-- Supplied information --
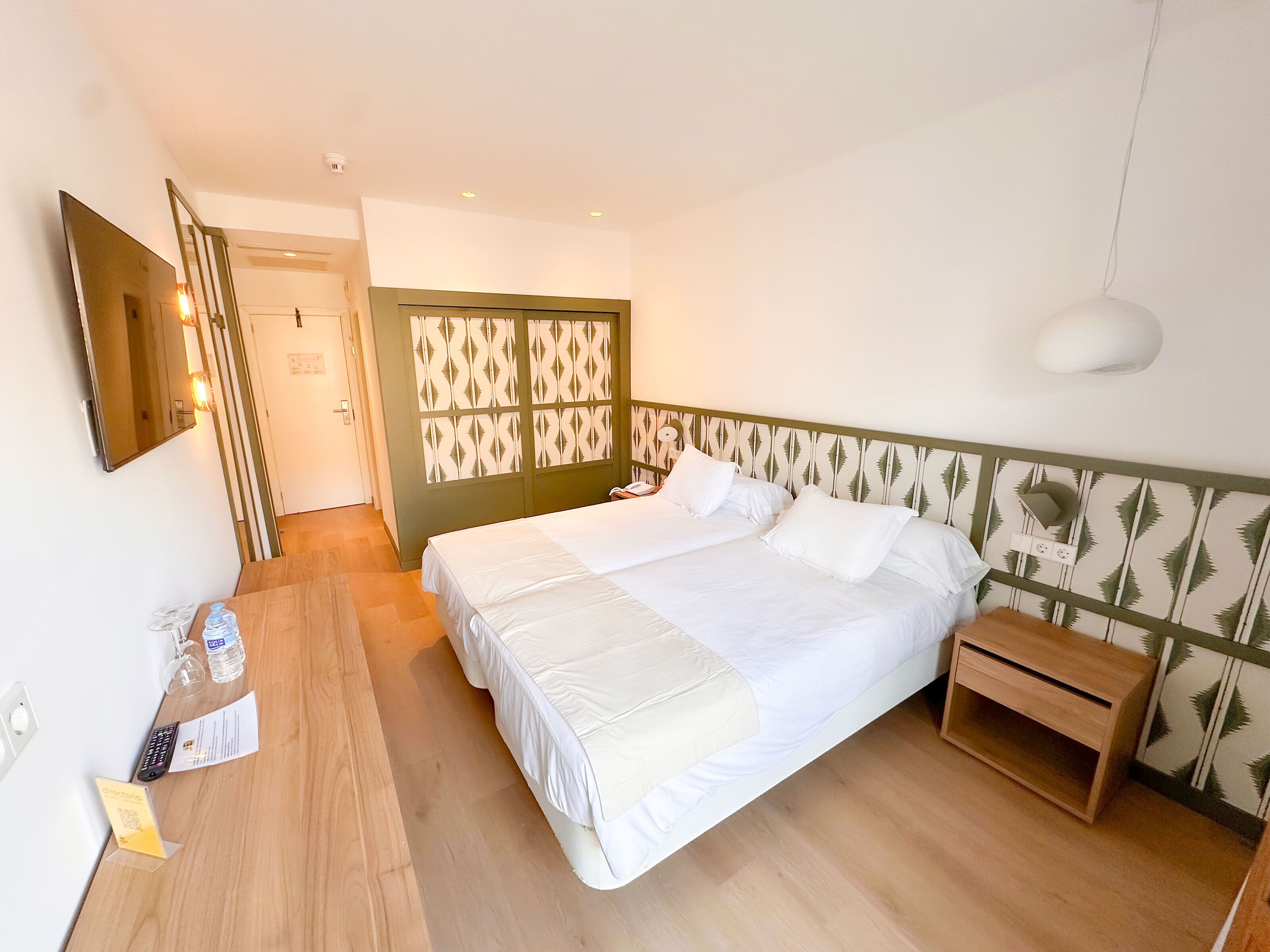 Superior Double Room, Balcony | Desk, WiFi (free), bed sheets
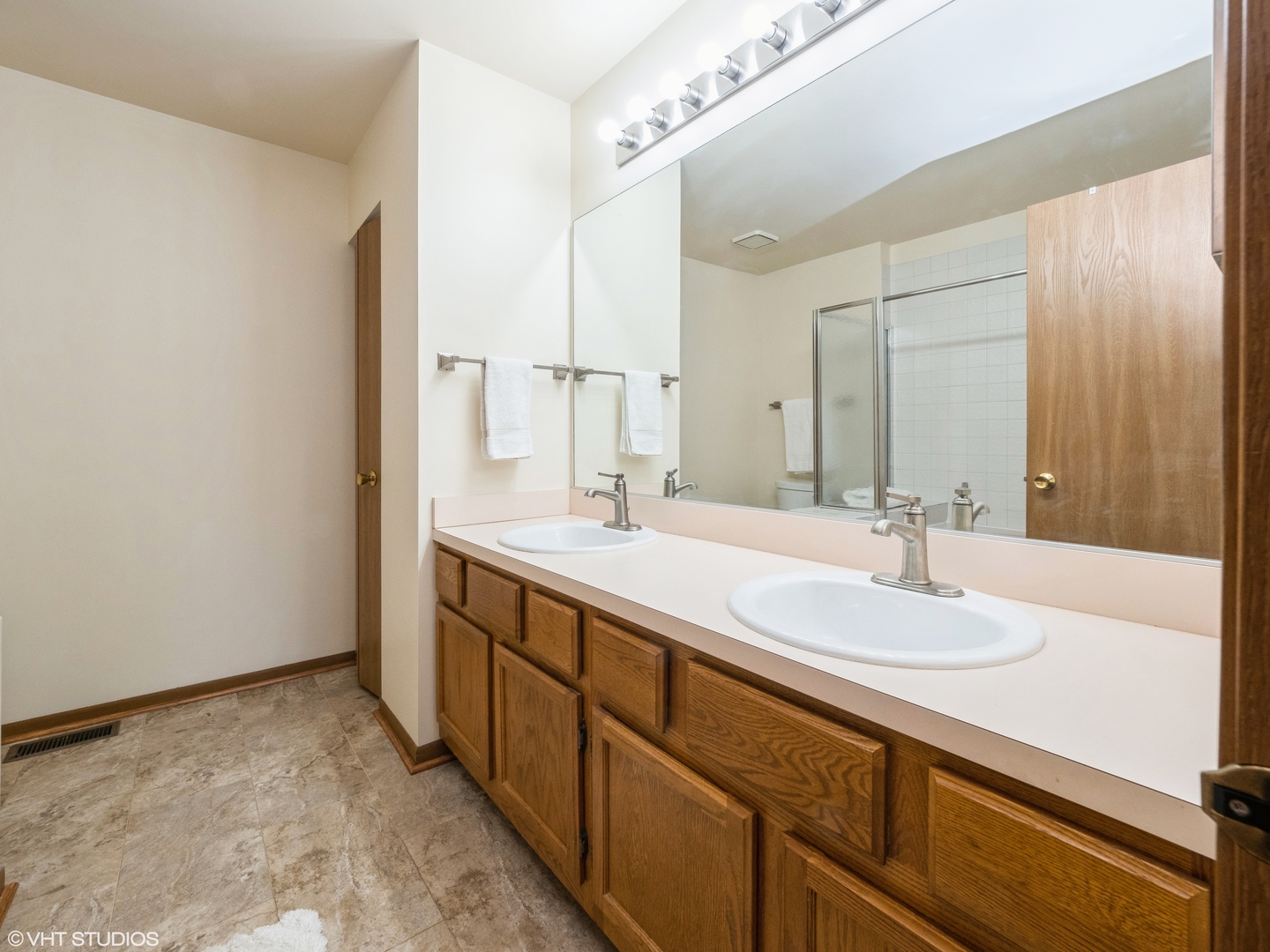1096 Ridgefield Circle Carol Stream, IL 60188 - Photo 14 of 23 Gallery Image 14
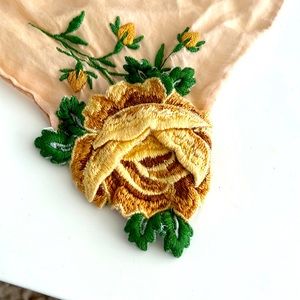 Beautiful Vintage Flower Hankie!
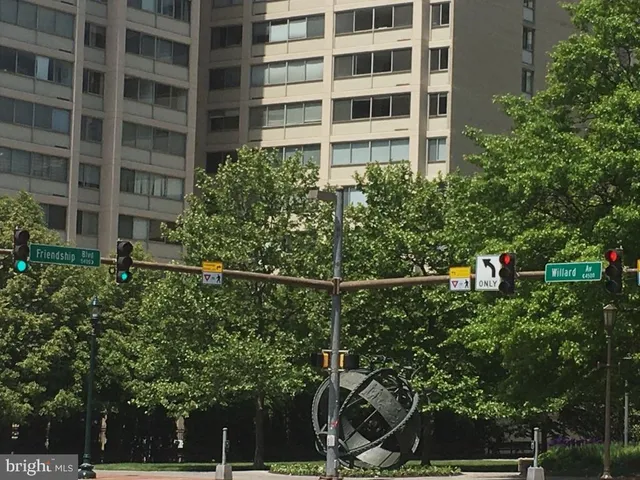 $300,000 | 4515 Willard Avenue, Unit 916S, Chevy Chase, MD 20815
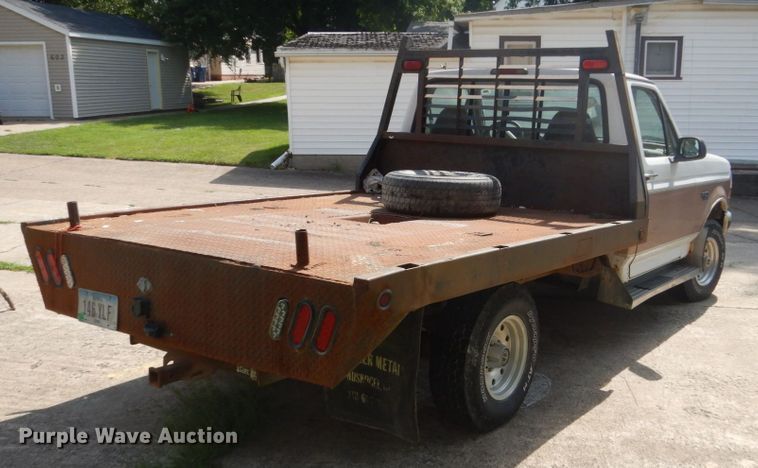image for item FT9003 1996 Ford F150  flatbed pickup truck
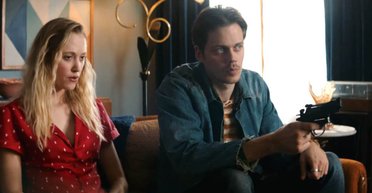 Ограбление заправки с последствиями. Три новых фильма для просмотра на карантине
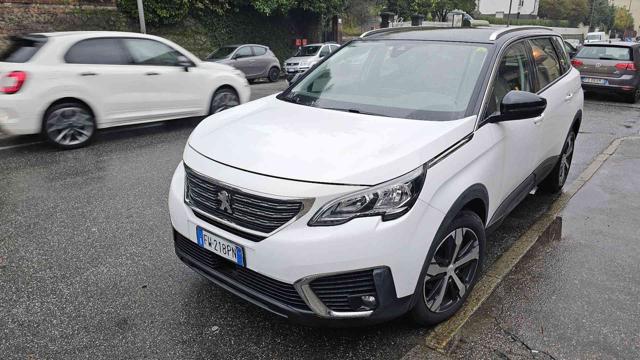 PEUGEOT 5008 PureTech Turbo 130 S&S Active Immagine 1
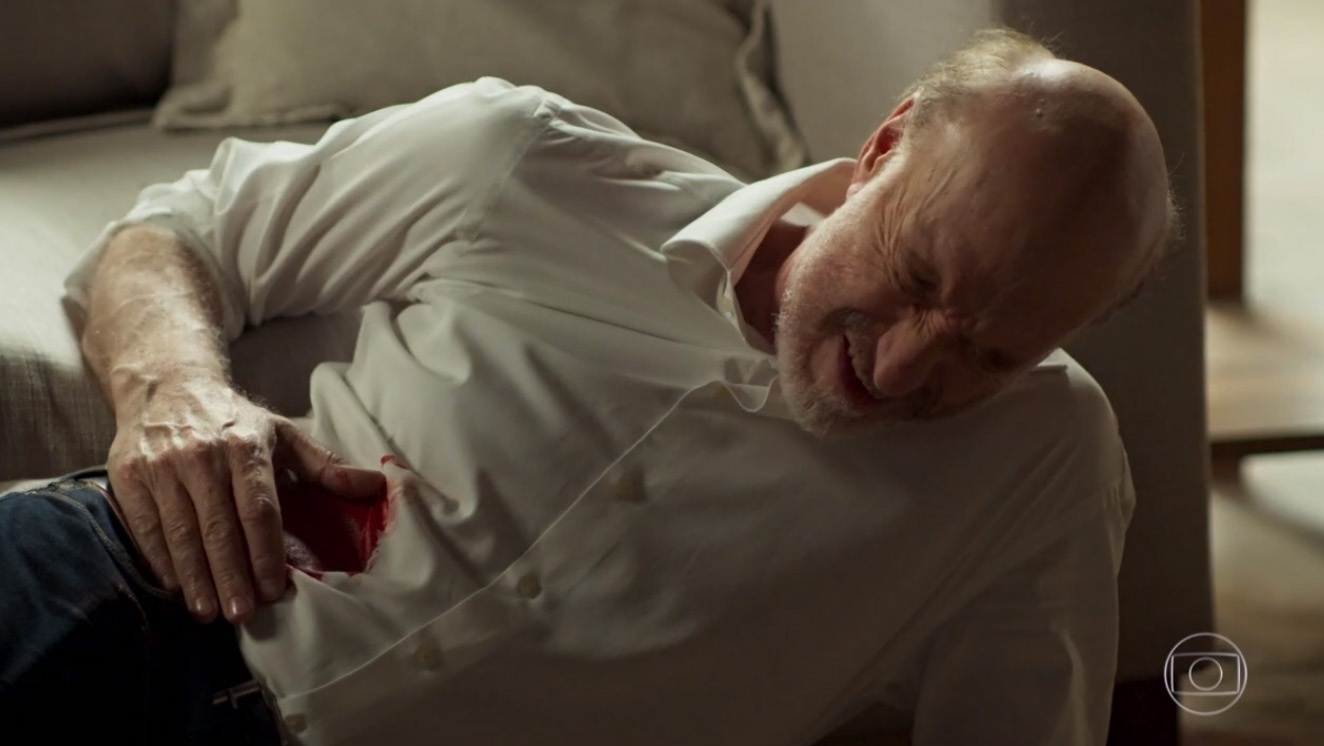 Severo leva um tiro de Laureta - Reprodução/TV Globo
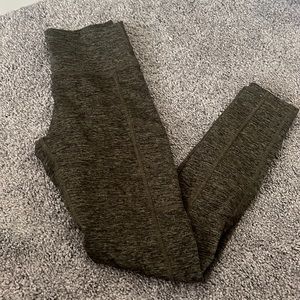 OFFLINE by Aerie S Leggings Olive Green W/ Pockets
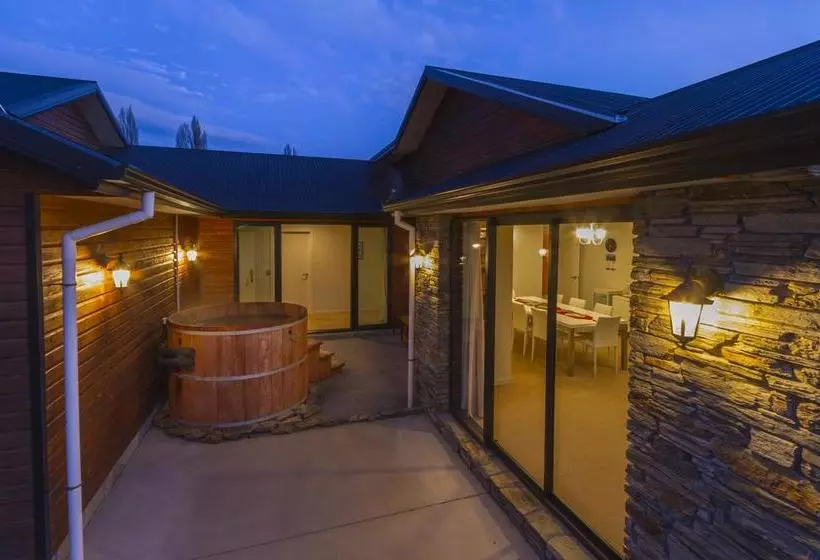 민박 Wanaka Alpine Lodge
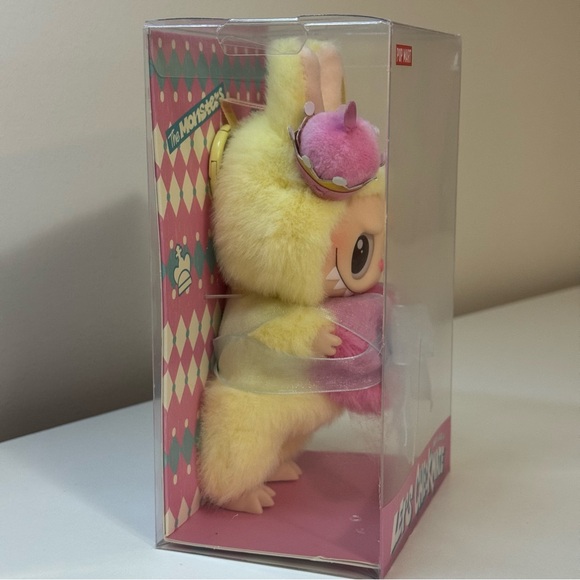 Pop Mart Labubu The MONSTERS Let's
Checkmate- Vinyl Plush Queen - Picture 2 of 5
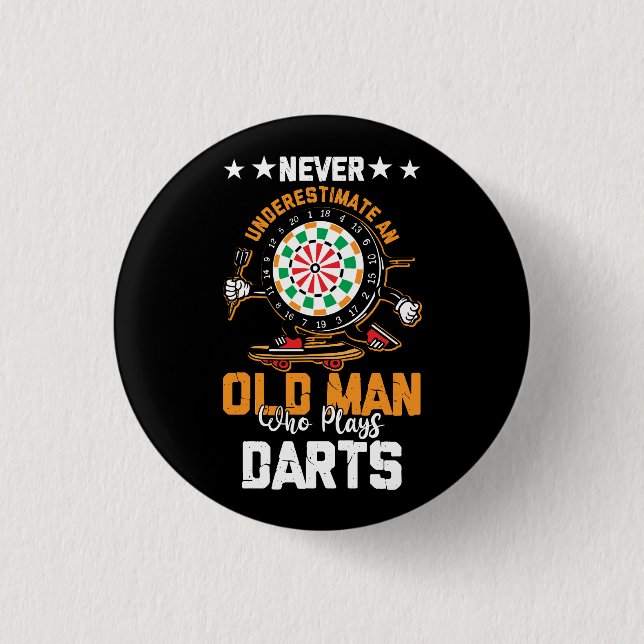 Dart Player underskattar aldrig en gammal man som  Knapp (Framsida)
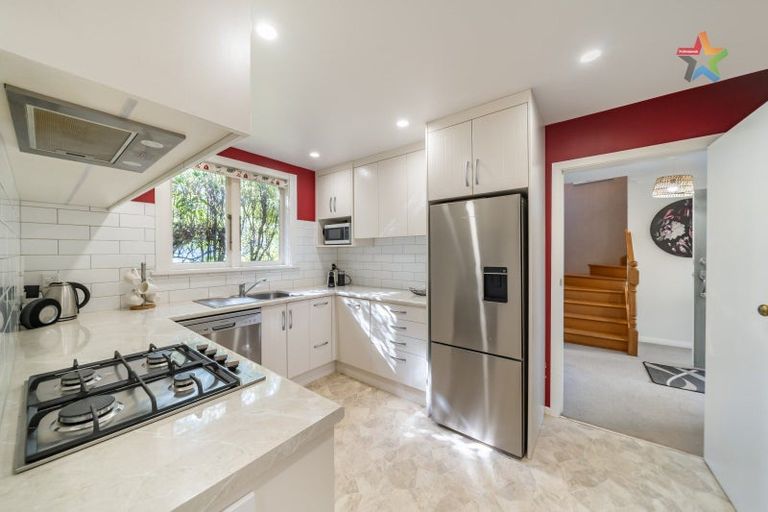 Photo of property in 44 Norton Park Avenue, Fairfield, Lower Hutt, 5011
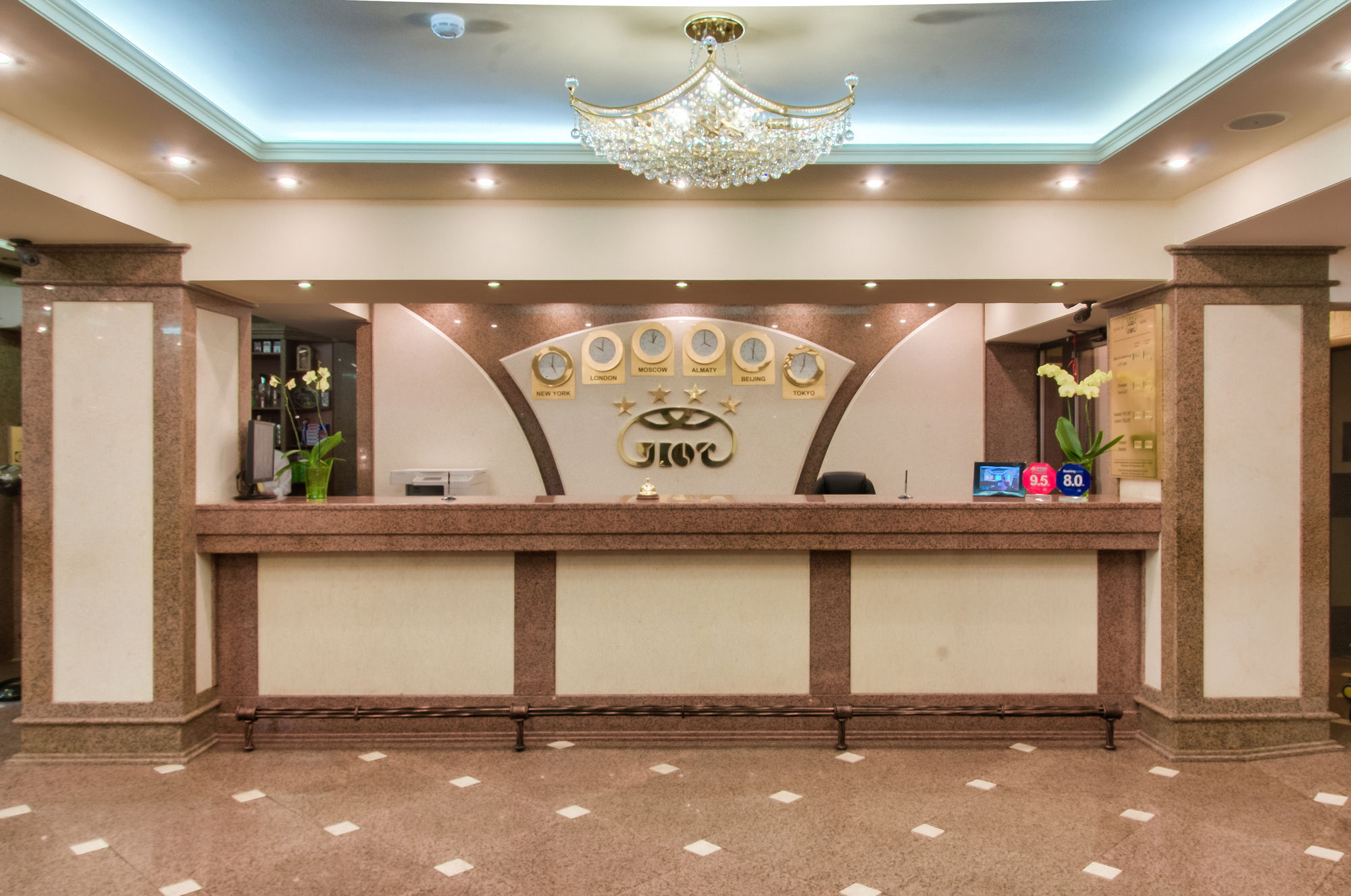 Hotel Uyut Almaty Luaran gambar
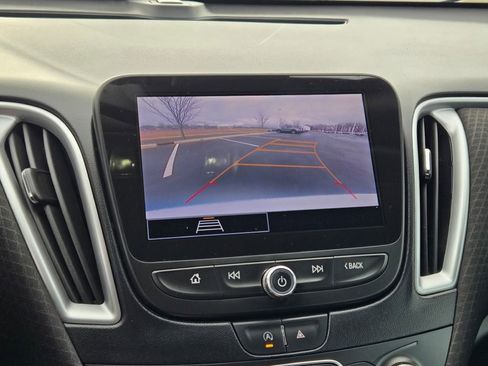 Used 2023 Chevrolet Malibu LT image 24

-- Exercise instructions --
Exactly as they appear, please return only the lines from the first line of the records through the line containing "Checkmate- Vinyl Plush Queen - Picture 2 of 5", both included, leaving out all pictures.

-- Expected answer --
 Superior Double Room, Balcony | Desk, WiFi (free), bed sheets
1096 Ridgefield Circle Carol Stream, IL 60188 - Photo 14 of 23 Gallery Image 14
 Beautiful Vintage Flower Hankie!
 $300,000 | 4515 Willard Avenue, Unit 916S, Chevy Chase, MD 20815
image for item FT9003 1996 Ford F150  flatbed pickup truck
 Ограбление заправки с последствиями. Три новых фильма для просмотра на карантине
 PEUGEOT 5008 PureTech Turbo 130 S&S Active Immagine 1
 Severo leva um tiro de Laureta - Reprodução/TV Globo
 OFFLINE by Aerie S Leggings Olive Green W/ Pockets
 민박 Wanaka Alpine Lodge
 Pop Mart Labubu The MONSTERS Let's
Checkmate- Vinyl Plush Queen - Picture 2 of 5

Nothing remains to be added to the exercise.